Краски. История макияжа - стр. 11
Коко Шанель
Цвет, который красная краска придавала губам и щекам, вполне соответствовал идеалам красоты того времени – но мужчины желали оставаться в неведении относительно его искусственного происхождения. Ранние христианские писатели способствовали тому, чтобы макияж воспринимался как обман. Избавиться от этой ассоциации было трудно. Святой Киприан, например, заявлял, что раскрашивание губ и «наведение румянца» «изгоняют истину и лица, и ума, искажая их через собственную извращенную суть»[17]. В эпоху Возрождения идею, что макияж создает «фальшивое лицо», можно встретить и у Шекспира. Гамлет резко заявляет Офелии: «Слышал я и про ваше малевание, вполне достаточно; бог дал вам одно лицо, а вы себе делаете другое» (перевод Лозинского. – Прим. пер.). Датский критик Георг Брандес писал об отношении Шекспира к косметике: «Если Шекспир ненавидел что-нибудь в продолжение всей своей жизни такой страстной ненавистью, которая не находилась ни в какой пропорции с ничтожностью самого предмета, то это были […] румяна»[18].

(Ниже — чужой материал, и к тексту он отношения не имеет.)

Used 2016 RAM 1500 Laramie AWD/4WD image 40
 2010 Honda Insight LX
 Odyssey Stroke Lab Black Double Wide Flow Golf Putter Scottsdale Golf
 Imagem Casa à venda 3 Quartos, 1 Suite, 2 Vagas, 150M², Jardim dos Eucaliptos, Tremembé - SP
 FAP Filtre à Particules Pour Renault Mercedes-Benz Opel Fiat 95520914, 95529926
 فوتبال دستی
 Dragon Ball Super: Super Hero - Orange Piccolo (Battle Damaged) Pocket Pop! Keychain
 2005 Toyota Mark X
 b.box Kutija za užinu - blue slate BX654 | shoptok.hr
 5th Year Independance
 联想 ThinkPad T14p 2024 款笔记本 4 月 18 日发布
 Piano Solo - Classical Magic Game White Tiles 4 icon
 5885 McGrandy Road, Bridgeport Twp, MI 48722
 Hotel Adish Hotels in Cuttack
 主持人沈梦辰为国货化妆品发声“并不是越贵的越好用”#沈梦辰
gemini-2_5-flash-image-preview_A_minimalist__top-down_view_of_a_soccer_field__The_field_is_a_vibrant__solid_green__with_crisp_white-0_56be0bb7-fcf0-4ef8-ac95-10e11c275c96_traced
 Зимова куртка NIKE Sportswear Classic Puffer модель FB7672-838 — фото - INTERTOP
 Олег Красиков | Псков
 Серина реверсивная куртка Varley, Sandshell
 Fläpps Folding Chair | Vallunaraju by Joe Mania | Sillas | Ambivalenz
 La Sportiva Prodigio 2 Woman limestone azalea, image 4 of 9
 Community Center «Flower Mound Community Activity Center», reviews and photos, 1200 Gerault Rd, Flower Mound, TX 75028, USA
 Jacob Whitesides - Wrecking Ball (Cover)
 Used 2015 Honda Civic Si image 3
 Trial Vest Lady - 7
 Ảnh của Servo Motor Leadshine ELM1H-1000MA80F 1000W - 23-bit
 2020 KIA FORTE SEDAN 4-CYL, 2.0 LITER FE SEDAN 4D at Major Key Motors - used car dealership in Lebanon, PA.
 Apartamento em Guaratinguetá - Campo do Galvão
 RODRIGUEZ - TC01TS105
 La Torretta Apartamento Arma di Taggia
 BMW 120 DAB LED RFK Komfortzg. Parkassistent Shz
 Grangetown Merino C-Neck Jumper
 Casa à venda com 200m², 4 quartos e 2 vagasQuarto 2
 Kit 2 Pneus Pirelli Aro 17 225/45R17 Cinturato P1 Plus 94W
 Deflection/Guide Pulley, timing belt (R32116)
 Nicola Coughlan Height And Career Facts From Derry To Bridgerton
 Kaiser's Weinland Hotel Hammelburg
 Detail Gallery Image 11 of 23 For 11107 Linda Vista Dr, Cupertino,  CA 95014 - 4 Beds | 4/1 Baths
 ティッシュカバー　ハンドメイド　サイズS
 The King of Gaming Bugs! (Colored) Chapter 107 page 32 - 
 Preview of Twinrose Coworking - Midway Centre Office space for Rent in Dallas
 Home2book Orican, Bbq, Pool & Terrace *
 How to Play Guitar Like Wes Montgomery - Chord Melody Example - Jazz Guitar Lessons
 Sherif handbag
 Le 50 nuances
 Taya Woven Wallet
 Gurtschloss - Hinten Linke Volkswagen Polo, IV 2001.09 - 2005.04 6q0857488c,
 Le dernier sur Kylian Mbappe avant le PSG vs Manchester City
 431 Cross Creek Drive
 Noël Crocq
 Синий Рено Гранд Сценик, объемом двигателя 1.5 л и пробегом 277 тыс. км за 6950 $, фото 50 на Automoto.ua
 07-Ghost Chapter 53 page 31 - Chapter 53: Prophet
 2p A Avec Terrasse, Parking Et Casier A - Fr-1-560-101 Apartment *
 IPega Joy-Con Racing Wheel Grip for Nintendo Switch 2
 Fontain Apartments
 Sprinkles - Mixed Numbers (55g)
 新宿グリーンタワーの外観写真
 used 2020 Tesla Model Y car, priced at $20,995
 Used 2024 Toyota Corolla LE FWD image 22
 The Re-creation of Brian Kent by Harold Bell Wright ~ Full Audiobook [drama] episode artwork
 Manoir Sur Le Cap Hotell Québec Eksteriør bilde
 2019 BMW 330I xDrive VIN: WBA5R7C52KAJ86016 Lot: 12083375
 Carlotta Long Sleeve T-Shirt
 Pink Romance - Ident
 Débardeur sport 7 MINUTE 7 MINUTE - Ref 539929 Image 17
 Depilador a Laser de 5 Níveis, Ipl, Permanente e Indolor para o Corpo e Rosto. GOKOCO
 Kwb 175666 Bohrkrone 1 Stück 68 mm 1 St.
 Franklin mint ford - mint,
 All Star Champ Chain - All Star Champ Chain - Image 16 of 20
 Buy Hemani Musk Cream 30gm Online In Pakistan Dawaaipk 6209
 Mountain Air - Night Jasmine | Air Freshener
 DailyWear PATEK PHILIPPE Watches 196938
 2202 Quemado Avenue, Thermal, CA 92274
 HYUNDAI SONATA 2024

С концом правления Елизаветы окончилось и монаршее благоволение на использование красок для лица. Макияж придворных дам становится более скромным. На рубеже XVII века в Англии отношение к румянам резко меняется: это связано с изменением политических взглядов и торжеством пуританских взглядов. В 1650 году в Долгом парламенте времен Оливера Кромвеля был представлен проект «Указа против порока раскрашивания лица, ношения черных мушек и нескромных одеяний женщин, будет зачитываться утром следующей пятницы»[19]. Правда, после первого же чтения от проекта было решено отказаться: очевидно, в английском обществе косметика уже занимала такое важное место, что запретить ее полностью не представлялось возможным. Бурно расцвели двойные стандарты – общественное мнение настаивало, что красить лицо неприемлемо, а мужчины втайне любовались румяными лицами дам. Некоторые даже делали это открыто: Сэмюэль Пипс, автор дневника о жизни Лондона, описывая, как дама, сплюнув, случайно попала в него, с иронией замечал: «Оказалось, что она совершенная красавица, и ее оплошность перестала меня заботить»[20]. В итоге было негласно решено: если уж все эти краски так необходимы, пользоваться ими надлежит таким образом, чтобы результат выглядел естественным.
Середина XVIII века в Европе отмечена усиленным использованием румян. Идеал красоты, который мы видим на портретах того времени, – бледное лицо с розовыми щеками (аналогично моде шестнадцатого века) и темными очерченными бровями. С помощью макияжа подчеркивался статус и демонстрировалась причастность к модным веяниям. Румяна наносились так щедро, что каждому очевидно – цель выглядеть естественно не преследовалась. Особенно это касается Франции, которая к этому моменту получает статус законодательницы моды для всей Европы. Придворный этикет французского двора подразумевает раскрашивание лица. Хотя основная часть работы по «наведению марафета» происходит за закрытыми дверями, нанесение макияжа и облачение в платье становится частью публичного представления под условным названием «утро аристократки» (примерно так же сегодня делаются съемки за кулисами модных съемок – то, что называют «бэкстейдж»). Маркиза де Помпадур, фаворитка французского короля Людовика XV, знаменита многочисленными портретами, где она изображается с явно нарумяненными щеками. Ее усилия не пропали даром: один из оттенков розового ныне известен как «розовый Помпадур». На портрете Франсуа Буше 1758 года она изображена у туалетного столика за нанесением румян миниатюрной кисточкой из небольшой пудреницы – редкий случай, когда искусство косметической живописи запечатлено в произведении искусства живописи художественной.